Bone Morphogenetic Protein (BMP)
Synonym
- Morphogenetisches Knochenprotein
Definition
- Übergeordnete Bezeichnung für einen Vertreter einer größeren Gruppe
von Wachstumsfaktoren, die zur TGF-β-Familie
gerechnet wird und vielfältige Aufgaben bei der Steuerung von Entwicklungs-
und Wachstumsprozessen hat.
Bildung
- BMPs werden zunächst als Präproproteine synthetisiert.
- Der Signalsequenz am N-Terminus schließt sich zunächst ein teilweise
über 300 Aminosäurereste langes, cysteinfreies Propeptid an, dessen
Funktion bislang unklar ist. Darauf folgt die meist etwa 100 - 140
Aminosäurereste lange Kette des eigentlichen BMPs.
- Nach dem durch die Signalsequenz vermittelten Transport des
Präproproteins ins endoplasmatische Retikulum, kommt es zur Ausbildung
eines sogenannten Cystin-Knotens. Hierbei bilden sechs hochkonservierte
Cysteinreste im C-terminalen Abschnitt drei Disulfidbrücken. Zwei dieser
Brücken formen zusammen mit der Proteinkette einen Ring, durch den die
dritte Disulfidbrücke hindurchgreift.
- Der Cystin-Knoten ist ein charakteristisches Strukturmotiv für die TGF-β-Superfamilie,
findet sich aber auch bei vielen anderen Proteinen, z.B. den
Neurotrophinen, PDGF oder ω-Conotoxinen.
- Bei den meisten BMPs wird zudem eine weitere Disulfidbrücke, ebenfalls
aus dem Bereich um den C-Terminus, zu einem weiteren BMP-Molekül
ausgebildet, so dass ein kovalent verbundenes Dimer entsteht.
- Da sowohl Homo- als auch Heterodimere gebildet werden können, kann
bereits hier die Aktivität der BMPs reguliert werden.
- BMP-15 (und GDF-9) besitzen insgesamt nur 6 Cysteinreste im Molekül,
so dass keine externe Disulfidbrücke mehr gebildet werden kann.
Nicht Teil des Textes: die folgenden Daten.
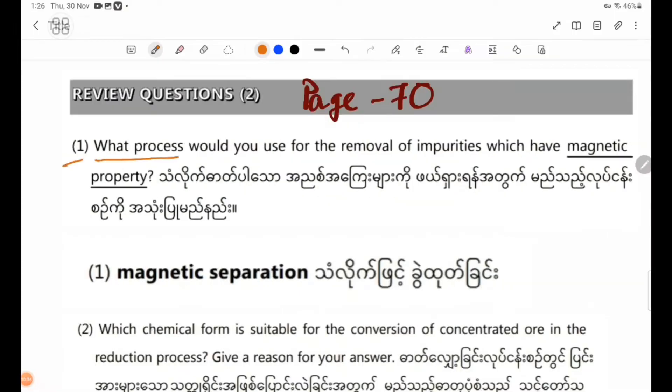What process would you use for the removal of impurities which have magnetic properties?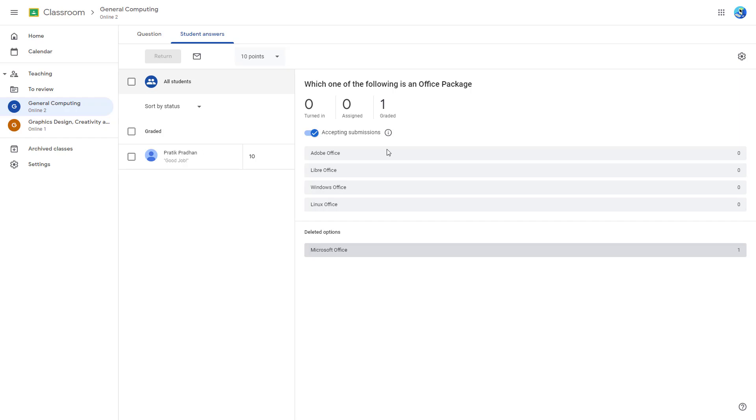That is how you can utilize the course calendar inside of Google Classroom. So I hope you guys learned something, and as always, please like, comment, share, and subscribe.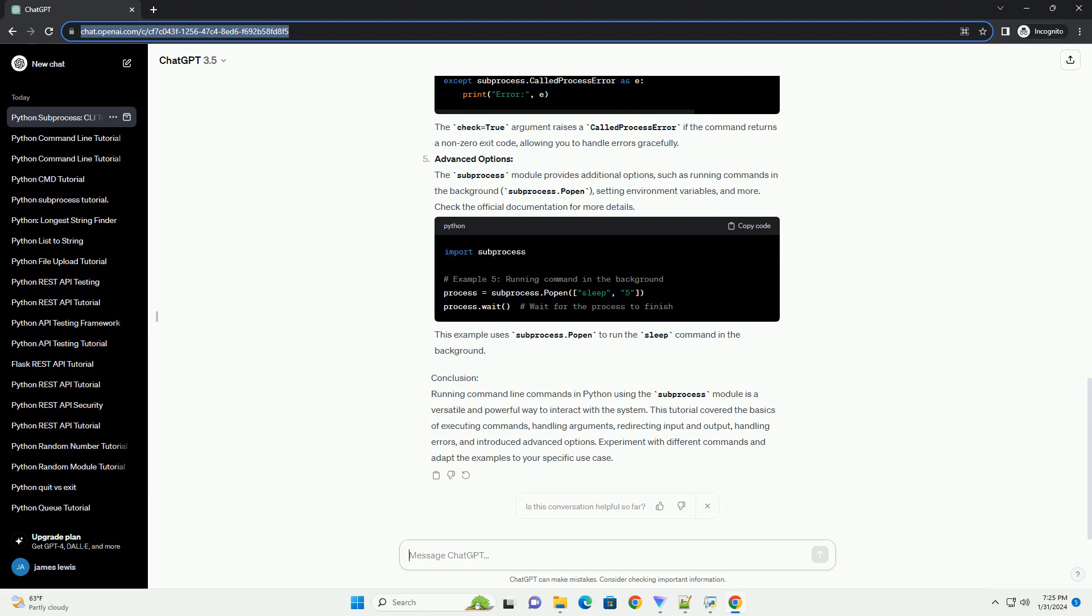Handling Errors: The subprocess module also enables you to capture and handle errors that may occur during command execution. The check equals true argument raises a called process error if the command returns a non-zero exit code, allowing you to handle errors gracefully.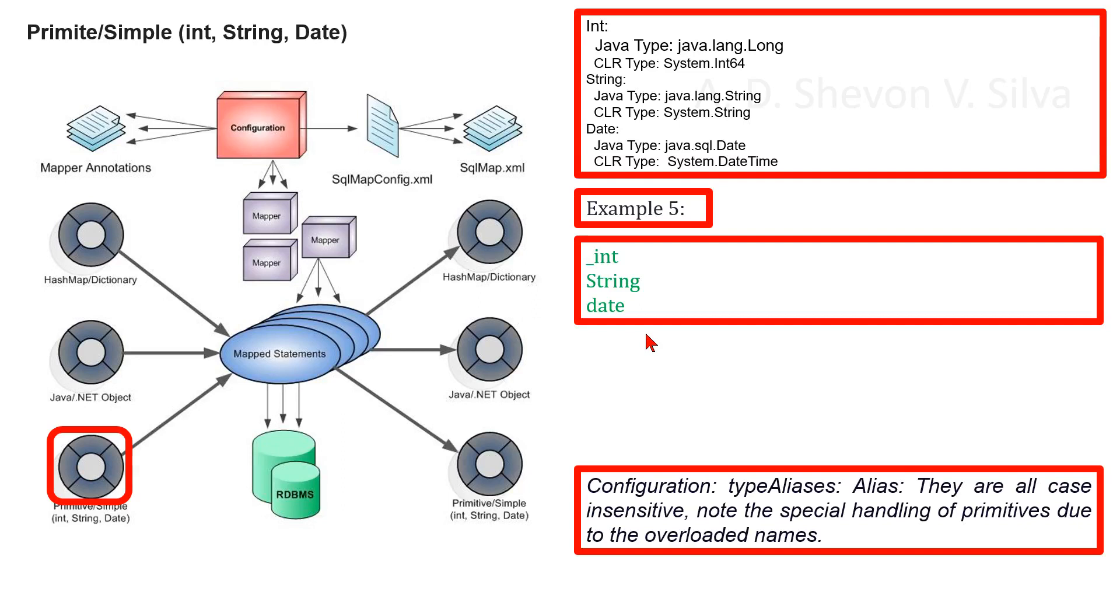Now we are considering type aliases in configuration. They are all case insensitive. There are many built-in type aliases for common Java types. They are all case insensitive. Note the special handling of primitives due to the overloaded names.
Hier
kommt es zur Bildung nicht-kovalent gebundener Dimere.
- Die entstandenen Dimere werden im endoplasmatischen Retikulum und im
Golgi-Apparat an beiden Enden N-glycosyliert.
- Der letzte Schritt zum reifen BMP ist die enzymatisch katalysierte
Abspaltung des Propeptids, die wahrscheinlich durch SPCs (Subtilisin-like
Proprotein Convertases) prozessiert wird.
- Die fertigen Faktoren können nun exozytotisch freigesetzt werden.
- Findet die letzte Prozessierung nicht oder nur unvollständig statt,
so kommt es zur Freisetzung von Proformen, was auch pathologische
Bedeutung haben kann. So konnten in der Synovialflüssigkeit von
Patienten mit rheumatoider Arthritis ausschließlich Proformen von BMP-2
und BMP-6 nachgewiesen werden.
Vorkommen, Funktion
- BMPs sind auto- und parakrin wirkende Zytokine.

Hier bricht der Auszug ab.